Build-Time Configuration

This page provides a developer guide for build-time configuration. The full list of options can be found here

How Config Parameters are Communicated to the Source Code

At the time of writing, the build-system tracks configuration options in the DFLAGS variable. In more detail:

  • as make parses the makefiles it appends a token encoding each configuration variable’s to DFLAGS

  • a token of defining a variable, <var>, is specified as either -D<var> or -D<var>=<value>. The first format defines a variable without assigning a value while the second variable assocciates the value <value>.

Originally, the build system made the source code aware of the configuration options by passing all the tokens in DFLAGS directly as arguments to the compiler. More recently, we have adopted a new strategy.

At present, the build-system uses the configure_file.py tool to communicate the configuration parameters. Specifically, the build system passes all the tokens in DFLAGS as arguments to configure_file.py to generate a file called cholla_config.h from src/cholla_config.h.in. Then the compiler is passed the option -include cholla_config.h, which tells the compiler to act like #include "cholla_config.h" is the first line of every source file.

Important

The use of -include cholla_config.h is something of a short-term hack. There are some concerns that this may not work on all C++ compilers (it was decided that since it works for g++ and clang++, it’s ok for now).

The more robust long-term plan is to make every source/header file that needs a compile-time configuration parameter directly include the cholla_config.h header or include the global/global.h header (which itself includes cholla_config.h). Unfortunately, this is not immediately viable because both:

  1. the checks of configuration options are currently ubiquitous (I think almost every single source/header has at least one check).

  2. Just about every single check checks whether a configuration option is defined or not.

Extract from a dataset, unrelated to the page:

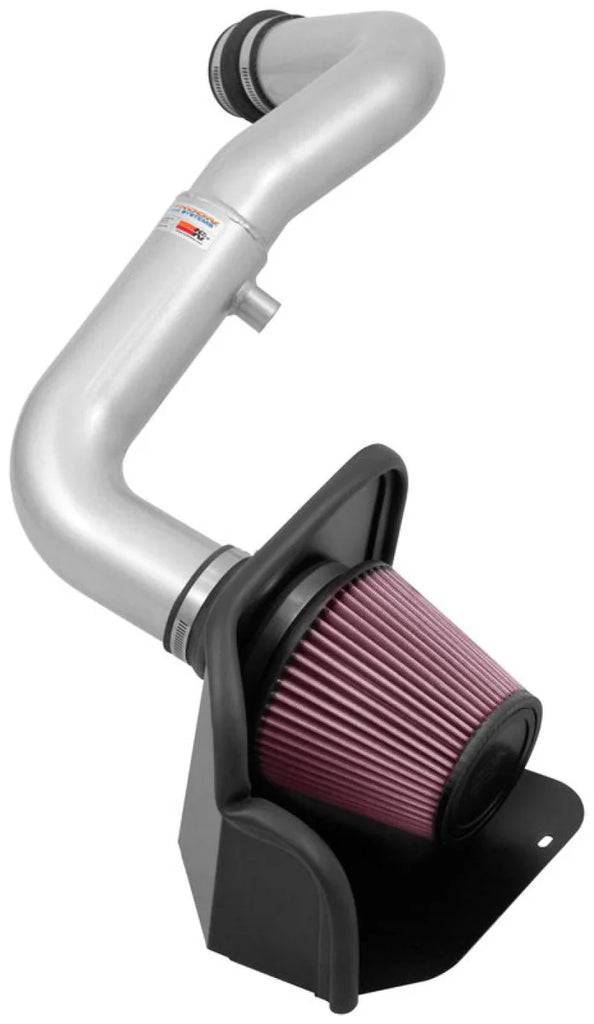 K&N 17-18 Hyundai Elantra L4-1.6L F/I Typhoon Performance Air Intake System - Main Product View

Thus, there’s a degeneracy between “forgetting to include the cholla_config.h header and choosing not to enable a feature.

How to add a new build-time configuration parameter

Important

Before doing anything, ask yourself “can this be a runtime parameter?” If the answer is “yes” (and it usually is), then sooner or later somebody is going to have to go to the trouble of converting it to a runtime parameter.

Your code contribution may not be merged until you convert it to a runtime parameter.

To add a new parameter, you need to both:

  1. add the option to a Makefile

  2. add an appropriate line into src/cholla_config.h.in

If you forget to do the second step, then the configure_file.py tool will fail (and the entire build will fail). This behavior is a FEATURE – it makes the build fail if an option is mispelled when modifying a Makefile.

Best Practice

If you find yourself adding a new configuration parameter, you should STRONGLY prefer to configure things so that the configuration parameter is ALWAYS defined and the only thing that changes is its associated value (e.g. 0 or 1). This generally produces more robust code (and is an important step towards direct inclusion of cholla_config.h in all files).